Clutches can be used to enhance the functionality of springs or actuators in robotic devices. A research team headed up by Steve Collins, an associate professor of mechanical engineering at Carnegie Mellon University, created a lightweight, low-power clutch used to control spring engagement in an ankle exoskeleton.

The electrostatic clutch and spring built into an ankle exoskeleton. During 150 consecutive steps of walking, the clutch was used to engage the spring while the foot was on the ground, and disengage it during swing. (Credit: Carnegie Mellon University)

When Steve Collins first envisioned the electroadhesive clutch, he made a prototype with a sandwich bag and a couple of pieces of aluminum foil from his kitchen. Since creating that makeshift prototype, he and his research team have developed a sophisticated, functional device that can be used in exoskeletons that compensate for a person’s disability or enhance their athletic performance.

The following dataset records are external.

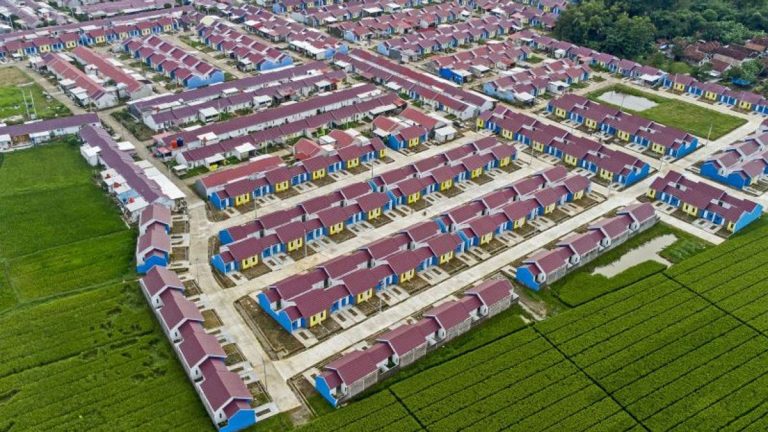 Program Sejuta Rumah PUPR Tembus 617.622 Unit hingga Juli 2024, Kampiunnews.com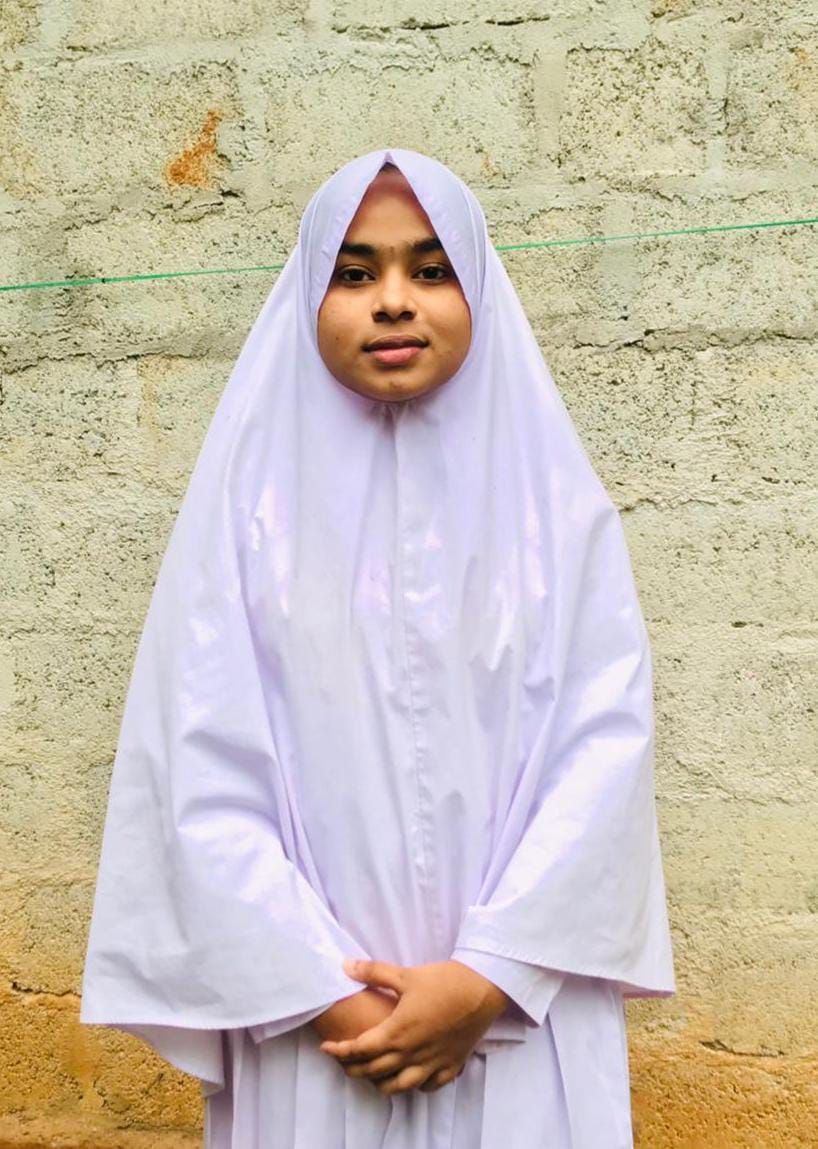 Human Appeal Orphan - Afra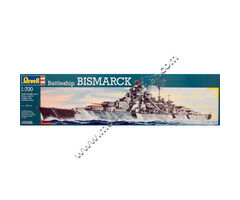 Battleship Bismarck
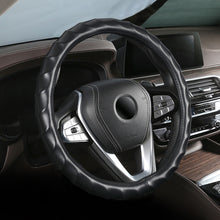 Load image into Gallery viewer, Car Steering Wheel Covers Imitation Sheepskin Breathability Skidproof Steering Wheel Covers Accessories For 38cm Steering Wheel

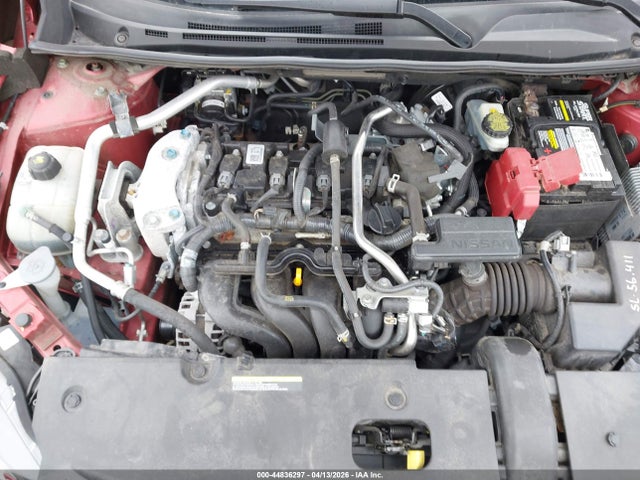 Nissan Sentra Sr Xtronic Cvt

Last year, Collins’ team developed a lightweight, unpowered, wearable exoskeleton — the walking assist clutch — that reduced the energy expended in walking. Building on that research, they wanted to push the boundaries of the technology even further by creating a general- purpose clutch that offered increased functionality while being lightweight and consuming very little energy. Their new device is three to 30 times lighter than other clutch mechanisms with the same holding force; it consumes 340 to 750 times less energy compared to previous devices; and it operates at four to 20 times lower voltage than previous electrostatic components in robots (see figure).

“We knew that electrostatic adhesion was key to developing a responsive, adjustable device, but our early prototypes were plagued by high voltage requirements and undesired sticking when the clutch was turned off,” said Collins. “We had to look outside of our field to the area of materials for a solution.”

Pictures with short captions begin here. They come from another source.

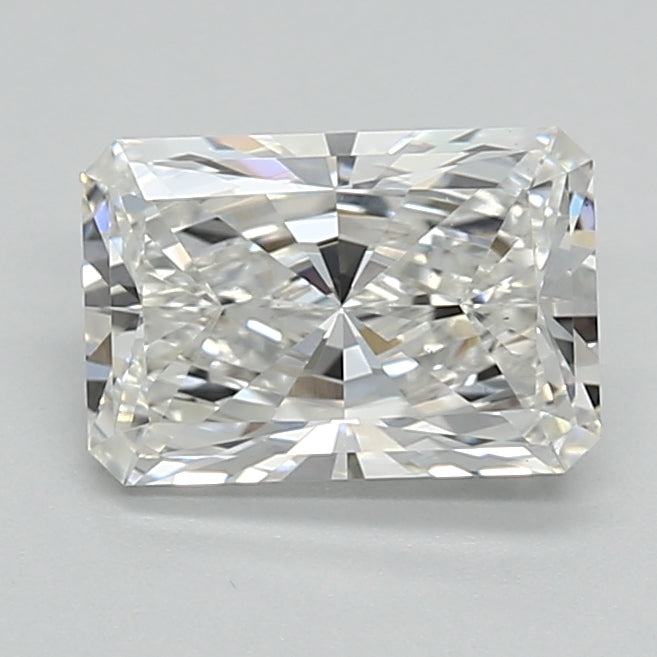 DovEggs 1.250ct Radiant F VS1-LAB GROWN DIAMOND-LEP210A14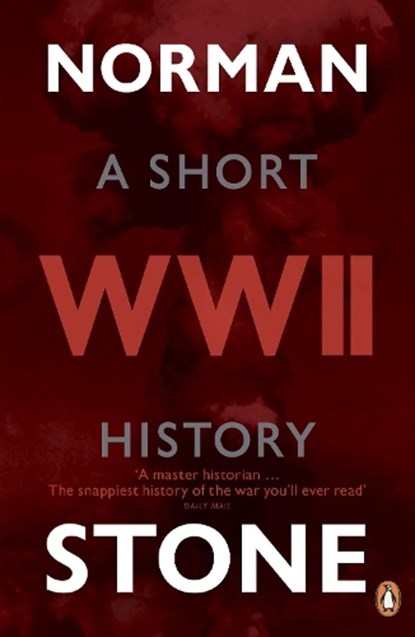 World War Two, Norman Stone - Paperback - 9780141037141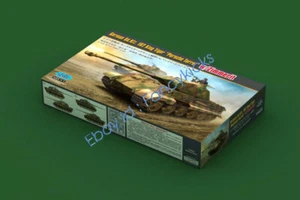 Hobbyboss 84530 1/35  German Sd.Kfz.182 King Tiger Turret w/ Zimmerit - Picture 1 of 9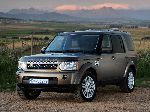 egenskaber 1 Bil Land Rover Discovery offroad foto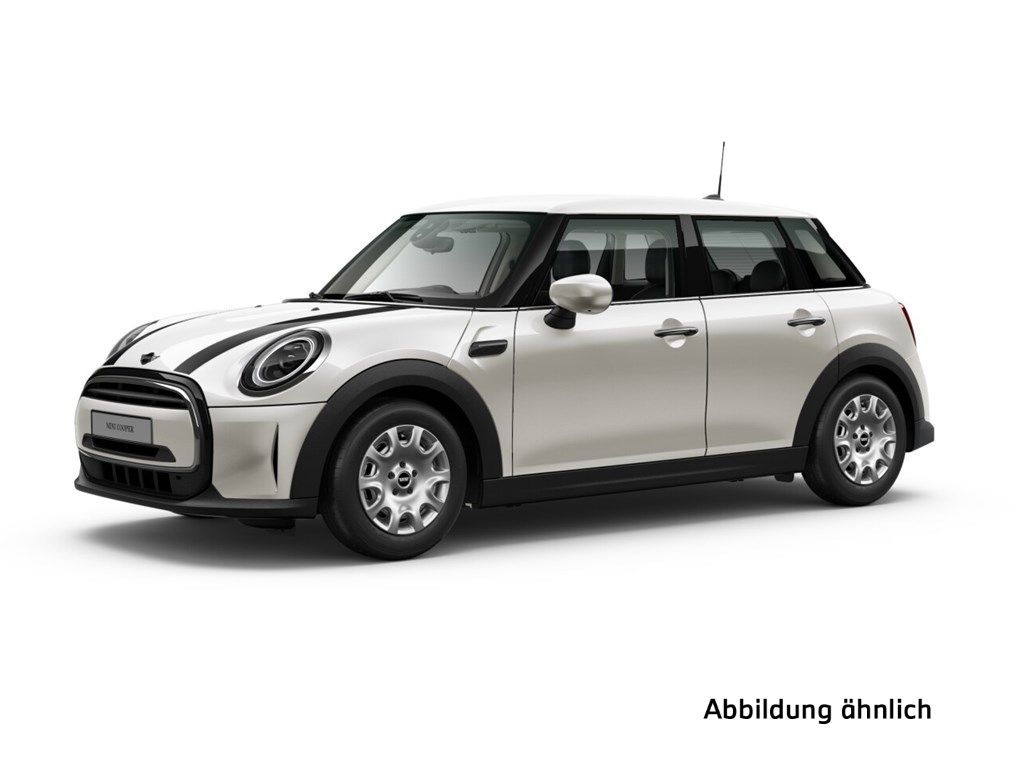 MINI Cooper 5-Türer Yours Trim Keyless Navi RFK SHZ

The researchers sought help from Carmel Majidi, also of the mechanical engineering department, who specializes in stretchable electronics, soft robotics, and wearable computing. Working with Stuart Diller, a Ph.D. student, they found the right combination in aluminum, Mylar®, and Luxprint® (an insulating material developed by DuPont™) that could easily integrate into a wearable system.

“Mylar® is thin, flexible, and has a good strength-to-weight ratio — but isn’t conductive,” Majidi explained. “Aluminum foil is conductive but dense, and tears easily. In order to have the flexibility, strength, conductivity, and low mass necessary for an electroadhesive clutch, we used Mylar® coated with an ultra-thin layer of aluminum.” He also noted, “the Luxprint® we used as the dielectric has the properties that are necessary for high adhesion at low voltage.”

How it Works

When the electroadhesive clutch operates, the layer of Luxprint® separates the two sheets of aluminum-coated Mylar®, allowing a strong electric field to develop when voltage is applied. The electrons on one side are attracted to the protons on the other, causing the sheets to stick together and preventing any sliding. The charge can develop quickly, and power consumption is low because the electrons don’t flow across the Luxprint®. When the voltage is removed, the electrons equalize and the coated Mylar sheets just slide against each other.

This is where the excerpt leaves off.